From Flat Fees to Token Billing in AI Coding
Token billing in AI coding tools is a usage-based pricing model where developers pay according to the number of tokens an AI model reads and writes, tying costs directly to underlying API and compute consumption instead of a fixed subscription. On 1 June, GitHub Copilot dropped its flat-rate plans and moved every user to a token billing AI coding model built around GitHub AI Credits. A token is a small chunk of text; more complex interactions consume more tokens and therefore more credits. Code completions and Next Edit Suggestions remain unlimited, but chat, agent mode, and code review are now fully metered. This marks the end of predictable, all-you-can-use subscriptions for heavy users and signals a wider shift in usage-based AI tools, where the true cost of powerful models is pushed closer to the customer.
Why GitHub Copilot Pricing Had to Change
GitHub itself framed the Copilot change in blunt terms: the product no longer matches the simple editor helper it launched as. Modern Copilot now runs complex, agentic workflows that loop over your codebase, call tests, and retry for hours, burning through compute with no natural ceiling. Under the old GitHub Copilot pricing, a single flat fee meant light users were subsidising power users who ran long agent sessions. According to GitHub’s explanation quoted by Developer Tech, “GitHub Copilot simply is not the same product it was a year ago–it now powers far more complex, agentic workflows that consume far more compute.” Microsoft replaced Premium Request Units with GitHub AI Credits priced at USD 0.01 (approx. RM0.05) each, and tied charges to model API rates, turning every chat and code review into a metered resource that must pay for its own infrastructure.
The New Reality: Usage-Based AI Tools and Uncertain Bills
Token billing makes AI coding costs transparent, but not always comfortable. For Copilot, each plan now includes a monthly pool of GitHub AI Credits: 1,500 on Copilot Pro, 7,000 on Pro+, 20,000 on Max, with Business and Enterprise customers sharing 1,900 and 3,900 credits from organisational pools. Once you hit those limits, you only pay overages if you explicitly set an extra budget; leave it at zero and Copilot stops when credits run out.
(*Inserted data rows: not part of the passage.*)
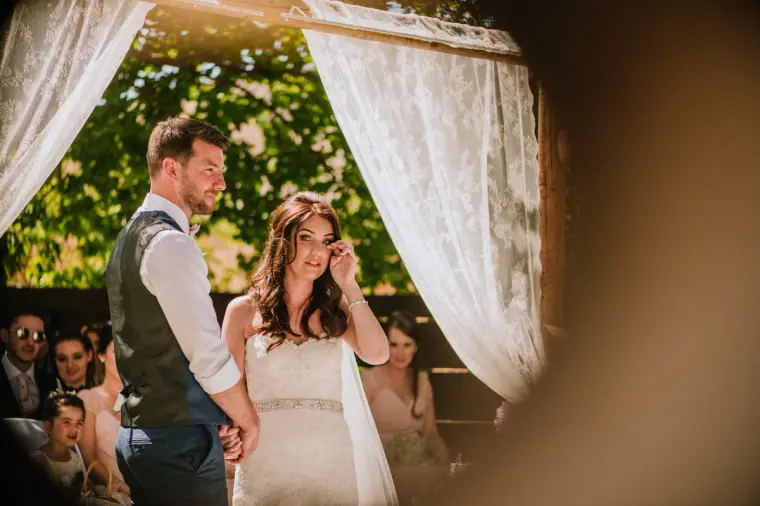 Claire wiping a tear beside Sean beneath the lace arch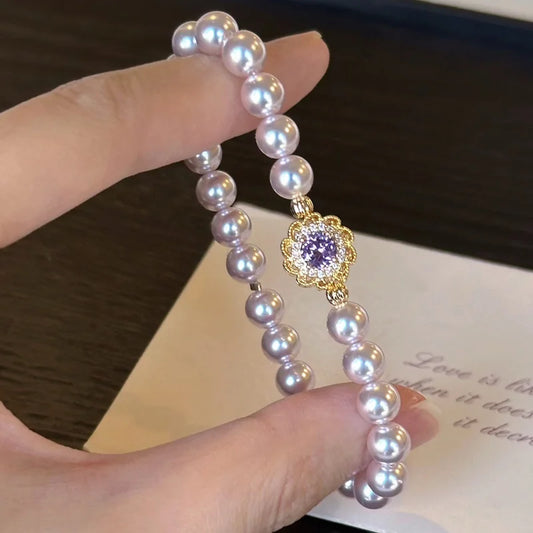 Lia's Lavendel-Blüte Armband aus zartvioletten Kunstperlen mit einem blumenförmigen goldenen Anhänger und violettem Zirkonia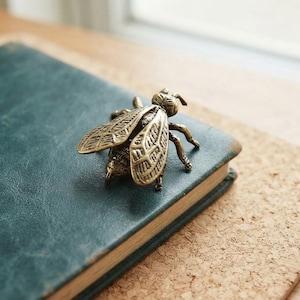 Puede incluir: Una figura de abeja de metal en tono latón con alas grabadas detalladas y un cuerpo segmentado. La escultura del insecto tiene un acabado antiguo y desgastado con una pátina oscura visible en las grietas, mostrando una forma realista.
That behaviour turns the cloud-style meter into either a safety brake or a productivity cliff. Elsewhere in the ecosystem, the Cursor pricing model and other usage-based AI tools have followed this pattern. Anthropic’s new Claude Fable 5, for example, lists at USD 10 (approx. RM46) per million input tokens and USD 50 (approx. RM230) per million output tokens, and is already available inside Copilot under the same token-driven rules.
Investor Pressure and the End of Subsidised AI Coding Costs
Behind the pricing shift is a simple problem: the AI boom has been fuelled by investor subsidies that cannot last. On TechCrunch’s Equity podcast, Anthony Ha said, “This whole ecosystem is heavily, heavily subsidized by investor money… stuff that seems like it has no cost is, in fact, incredibly expensive.” As AI labs head toward public listings and file S‑1 documents, they must show paths to profit while their infrastructure bills climb. Token billing AI coding models let vendors match revenue to compute consumption instead of hiding limits behind vague “fair use” policies. Heavy users are already feeling the impact, with some developers reporting Copilot bills jumping from tens of dollars to hundreds when they turned on long-running agents. The flat-rate era gave developers psychological comfort, but it masked a reality that investors—and now customers—can no longer ignore.
Budget Strategies for Developers in a Token World
Usage-based AI tools do not have to wreck your budget if you treat tokens like any other cloud resource. First, watch the dashboard: Copilot’s preview bill feature and user-level budget controls show your projected spend before the end of the month. Second, set strict spending limits; with Copilot, leaving additional budget at zero ensures the tool stops instead of silently charging your card. Third, optimise prompts and workflows to cut wasted tokens—shorter, clearer instructions and narrower context windows cost less than sprawling, open-ended chats. For heavy agent use, reserve the strongest models only for tasks that need them and rely on cheaper options for routine queries. As Cursor pricing model changes and similar shifts spread, the old habit of treating AI as an unlimited flat-rate perk is over; treating AI coding costs as a line item is now part of the job.